I will answer this part
In addition, we know that the Hamiltonian represents the sum of kinetic and potential energy in a system.However, I'm not quite sure why, intuitively, the time dependent version of the Schrodinger equation becomes Hψ=iℏ ∂/∂t ψ(r,t).
Quantum mechanics was developed slowly, because experiments showed that light came in quanta from the hydrogen atom. At that time they were still thinking classically, and Bohr developed a model of an electron rotating around a proton for the hydrogen atom, similar to the way the moon rotates around the earth. BUT there was a problem for this. In classical electricity and magnetism the electron would not stay in an orbit but would lose energy and fall on the proton.
Bohr postulated that it was a standing wave, and postulated only certain orbits ; electrons could fall from one to the other emitting a photon of energy hnu ( nu the frequency). That the photon's energy came as hnu was known from the photoelectric effect and from black body radiation. The model then explained the spectrum of hydrogen which had been fitted with a series.
This is how the h enters the game. Because the model has to take into account that an electron changing energy levels will release from the system energy proportional to h*nu.
The Schrodinger equation gives the same series as a solution to the hydrogen problem, but now it comes as a theory which is much more general. h necessarily has to play its role.
Quantum mechanics has a number of postulates.
Associated with any particle moving in a conservative field of force is a wave function which determines everything that can be known about the system.
With every physical observable q there is associated an operator Q, which when operating upon the wavefunction associated with a definite value of that observable will yield that value times the wavefunction.
Any operator Q associated with a physically measurable property q will be Hermitian.
The set of eigenfunctions of operator Q will form a complete set of linearly independent functions.
For a system described by a given wavefunction, the expectation value of any property q can be found by performing the expectation value integral with respect to that wavefunction.
The time evolution of the wavefunction is given by the time dependent Schrodinger equation.
Number 2) of these postulates is what relates to your question.
where does the iℏ come from? why does the sum of kinetic and potential energy equal to that?
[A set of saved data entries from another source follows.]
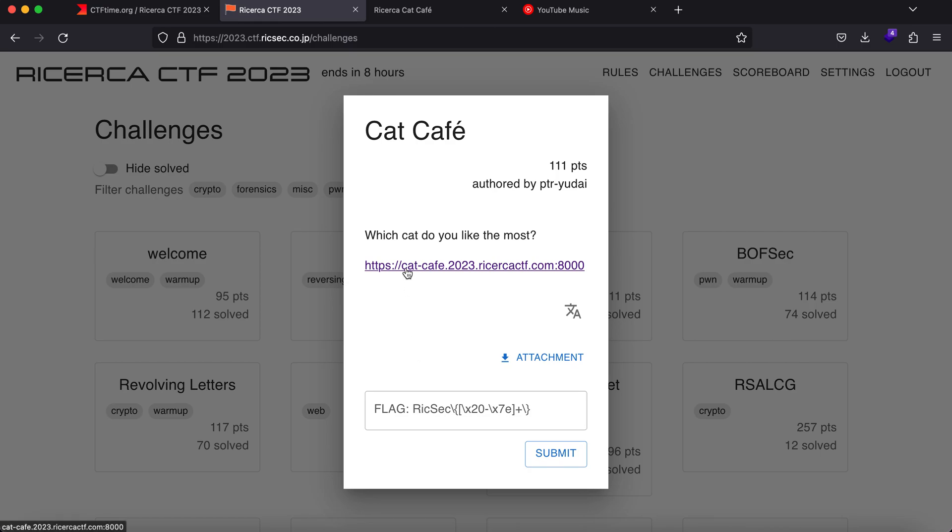Hey what is up everybody, my name is Rahul and in this video we will be looking at a challenge called Cat Café. Now it was a part of the web category in the Ricerca CTF competition.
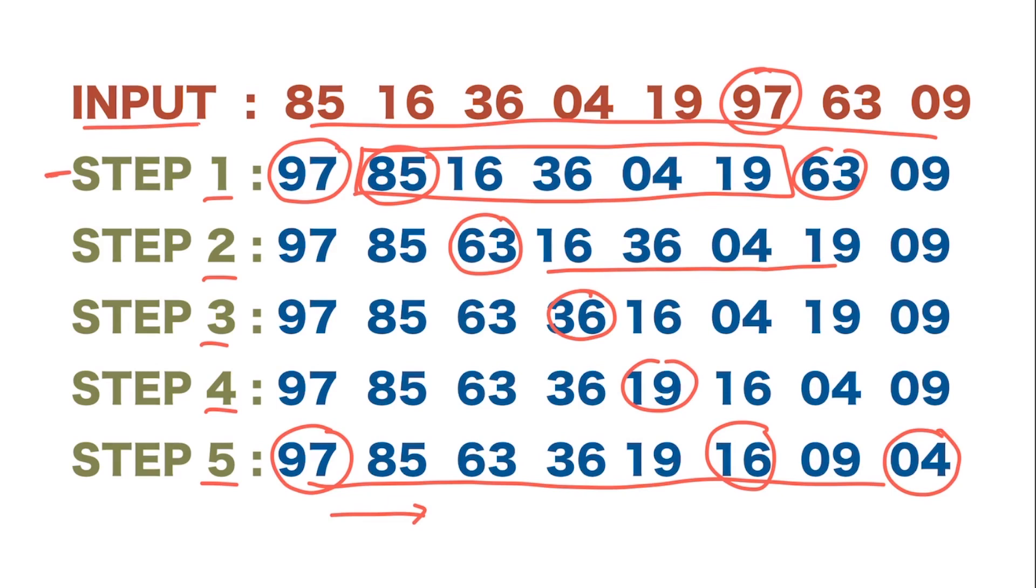Now, based on this, generally there are some questions. Here is the first question. We are given a certain input. Before we get into the question, let us try to put the steps and see what happens to the sequence of the numbers.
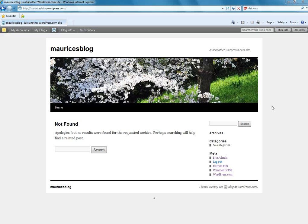Greetings everyone, Maurice here and welcome to this tutorial on how to create a post on your WordPress blog.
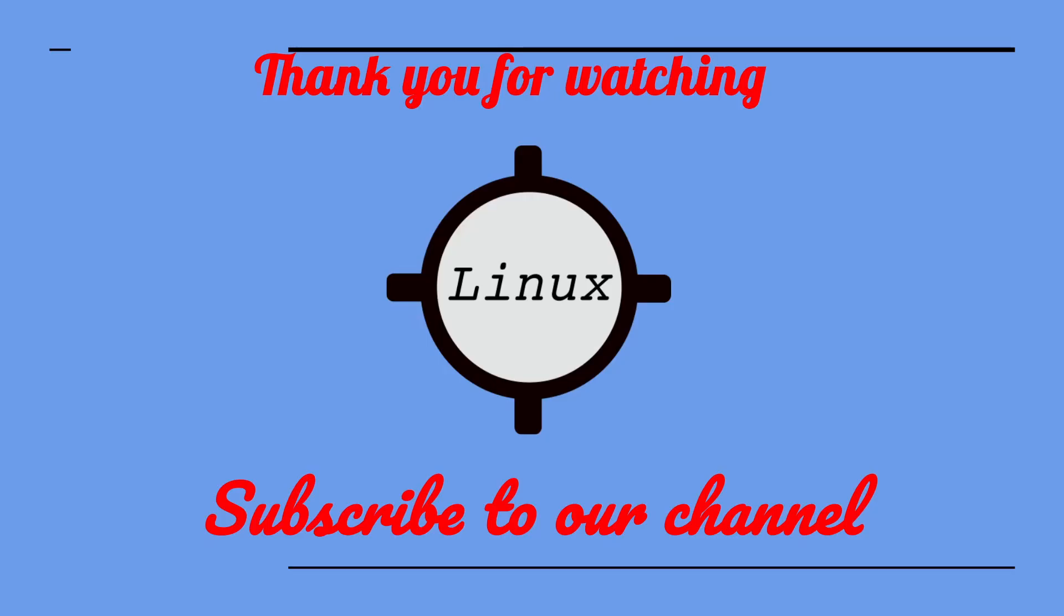Leave a comment if you have any questions. Don't forget to like this video and subscribe to our channel.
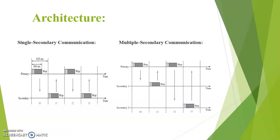But in multiple secondary communication the primary communicates to first secondary in the first time interval and in the next interval secondary communicates with the primary. And in the next interval this primary communicates with the next secondary that is secondary 2.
The h bar comes so that the dimensions and the energy of the photon comes out correctly as h*nu. The complex "i" so that the equation has the form that will give the appropriate solutions.
The operator for the time dependent Hamiltonian is $i\hbar$$\partial$/$\partial$$t$
So the $H$$\psi$=$i\hbar$ $\partial$/$\partial$$t$ is an identity, used to solve for a time dependent psi:
The formalism developed by trial and error in the beginning, fitting the models to the data and then using the models to predict further behaviors.The successful fitting of the same spectral series as the Bohr model led to the development of quantum mechanics, rather than the theory coming first and then looking at the data.
The real answer is that this mathematical formulation fits the data and has great predictive power proven over and over again.